- Born: March 12, 1907 Winnipeg, Manitoba, Canada
- Died: January 1, 1995 (aged 87) Arizona
- Education: University of Alberta
- Known for: Description of Dandy–Walker malformation and Walker–Warburg syndrome
- Scientific career
- Fields: Neurosurgery, neuroscience and epileptology
- Workplaces: Johns Hopkins Hospital

= Arthur Earl Walker =

Arthur Earl Walker (March 12, 1907 – January 1, 1995) was a Canadian-born American neurosurgeon, neuroscientist and epileptologist remembered for the eponymous syndromes Dandy–Walker syndrome, Dandy–Walker-like syndrome and Walker–Warburg syndrome. During his career he published over 400 research articles and 8 books.

==Biography==
Arthur Earl Walker was born in 1907 in Winnipeg, Manitoba, and graduated from the University of Alberta in 1930. He undertook training at Yale University and in Amsterdam and Brussels, and continued his training as instructor of neurological surgery at the University of Chicago from 1937, becoming one of a new breed of neurosurgeons who advanced the scientific study of neurology and neurosurgery. During the Second World War he worked as Chief of Neurology at Cushing General Hospital in Framingham, Massachusetts, where he developed an interest in post-traumatic epilepsy.
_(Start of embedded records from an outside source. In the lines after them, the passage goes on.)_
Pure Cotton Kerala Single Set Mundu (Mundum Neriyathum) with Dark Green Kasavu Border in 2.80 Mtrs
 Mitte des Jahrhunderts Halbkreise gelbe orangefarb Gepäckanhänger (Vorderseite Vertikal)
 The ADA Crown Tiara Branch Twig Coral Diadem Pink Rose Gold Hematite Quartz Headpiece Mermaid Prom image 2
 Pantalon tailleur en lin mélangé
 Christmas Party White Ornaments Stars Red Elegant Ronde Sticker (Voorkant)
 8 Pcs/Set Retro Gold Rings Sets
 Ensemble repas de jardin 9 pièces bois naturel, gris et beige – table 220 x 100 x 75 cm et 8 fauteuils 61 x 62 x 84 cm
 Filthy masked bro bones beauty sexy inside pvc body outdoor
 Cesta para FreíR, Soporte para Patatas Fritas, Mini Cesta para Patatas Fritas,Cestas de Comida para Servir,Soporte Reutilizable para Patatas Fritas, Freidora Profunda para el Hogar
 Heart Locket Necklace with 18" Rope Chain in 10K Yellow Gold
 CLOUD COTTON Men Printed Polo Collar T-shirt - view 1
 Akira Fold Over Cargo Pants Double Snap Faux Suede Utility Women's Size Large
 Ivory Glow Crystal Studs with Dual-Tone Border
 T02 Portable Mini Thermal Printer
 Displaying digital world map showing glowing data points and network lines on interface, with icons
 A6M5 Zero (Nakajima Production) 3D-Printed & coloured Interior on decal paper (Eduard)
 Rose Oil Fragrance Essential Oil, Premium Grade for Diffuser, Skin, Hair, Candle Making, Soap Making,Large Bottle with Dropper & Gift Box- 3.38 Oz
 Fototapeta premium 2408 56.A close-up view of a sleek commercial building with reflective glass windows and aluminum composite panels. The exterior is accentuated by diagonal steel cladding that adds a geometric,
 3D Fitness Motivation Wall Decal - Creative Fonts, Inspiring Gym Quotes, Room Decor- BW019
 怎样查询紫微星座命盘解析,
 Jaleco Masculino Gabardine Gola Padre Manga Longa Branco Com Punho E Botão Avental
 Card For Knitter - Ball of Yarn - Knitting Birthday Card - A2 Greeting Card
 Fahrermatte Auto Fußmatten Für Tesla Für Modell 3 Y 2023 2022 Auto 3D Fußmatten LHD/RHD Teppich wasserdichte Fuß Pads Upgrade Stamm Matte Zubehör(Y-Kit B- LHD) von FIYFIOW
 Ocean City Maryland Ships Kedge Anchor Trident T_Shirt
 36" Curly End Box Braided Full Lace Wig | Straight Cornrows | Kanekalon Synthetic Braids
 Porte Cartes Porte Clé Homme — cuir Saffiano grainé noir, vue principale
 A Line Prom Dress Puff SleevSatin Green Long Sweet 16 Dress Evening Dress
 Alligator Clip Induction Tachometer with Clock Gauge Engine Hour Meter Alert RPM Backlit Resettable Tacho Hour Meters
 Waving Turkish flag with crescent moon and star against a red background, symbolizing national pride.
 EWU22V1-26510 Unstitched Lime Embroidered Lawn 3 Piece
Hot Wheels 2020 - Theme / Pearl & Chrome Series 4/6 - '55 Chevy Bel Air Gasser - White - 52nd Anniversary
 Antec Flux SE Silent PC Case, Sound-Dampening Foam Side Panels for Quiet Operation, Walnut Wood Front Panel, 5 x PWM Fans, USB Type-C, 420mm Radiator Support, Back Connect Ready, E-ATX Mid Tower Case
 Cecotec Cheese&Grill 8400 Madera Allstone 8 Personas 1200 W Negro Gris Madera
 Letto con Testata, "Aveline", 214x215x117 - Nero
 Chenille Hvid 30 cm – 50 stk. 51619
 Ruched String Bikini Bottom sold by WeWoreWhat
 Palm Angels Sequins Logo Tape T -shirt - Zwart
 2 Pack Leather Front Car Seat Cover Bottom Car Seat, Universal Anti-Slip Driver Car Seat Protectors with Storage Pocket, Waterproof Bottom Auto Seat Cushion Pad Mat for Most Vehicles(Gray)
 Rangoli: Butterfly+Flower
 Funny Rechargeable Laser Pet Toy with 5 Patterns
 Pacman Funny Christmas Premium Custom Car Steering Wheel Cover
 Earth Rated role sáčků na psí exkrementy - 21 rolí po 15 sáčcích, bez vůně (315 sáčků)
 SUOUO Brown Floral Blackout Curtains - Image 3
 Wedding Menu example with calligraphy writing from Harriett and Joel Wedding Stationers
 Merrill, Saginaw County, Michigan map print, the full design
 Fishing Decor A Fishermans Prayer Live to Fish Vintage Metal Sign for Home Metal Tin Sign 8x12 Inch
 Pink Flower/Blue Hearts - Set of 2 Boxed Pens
In 1947, he became professor of neurological surgery at the Johns Hopkins Hospital. He was professor there for 25 years until his retirement in 1972, and during this time he established the division of neurosurgery and the formal resident training program in neurosurgery. He also established the electrophysiology laboratory which bears his name.

He was a president of the American Association of Neurological Surgeons and the World Federation of Neurological Societies, and after his retirement he became emeritus professor of neurology and neurosurgery at the University of New Mexico School of Medicine, Albuquerque.

He died on January 1, 1995, while travelling near Tucson, Arizona, apparently of a heart attack, aged 87.

==Publications==
In 1938, he published The Primate Thalamus which explained the organization of this part of the brain. In 1951, he edited A History of Neurological Surgery.

In 1942, he published an article describing congenital atresia of the foramens of Luschka and Magendie. A similar case had previously been described by Walter Dandy in 1921, and the syndrome became known as the Dandy–Walker syndrome. He also published an article on Lissencephaly, which became known as Walker–Warburg syndrome after publication of further articles on the disorder by Mette Warburg.

In 1945–46, he published studies of the effects of penicillin on the central nervous system.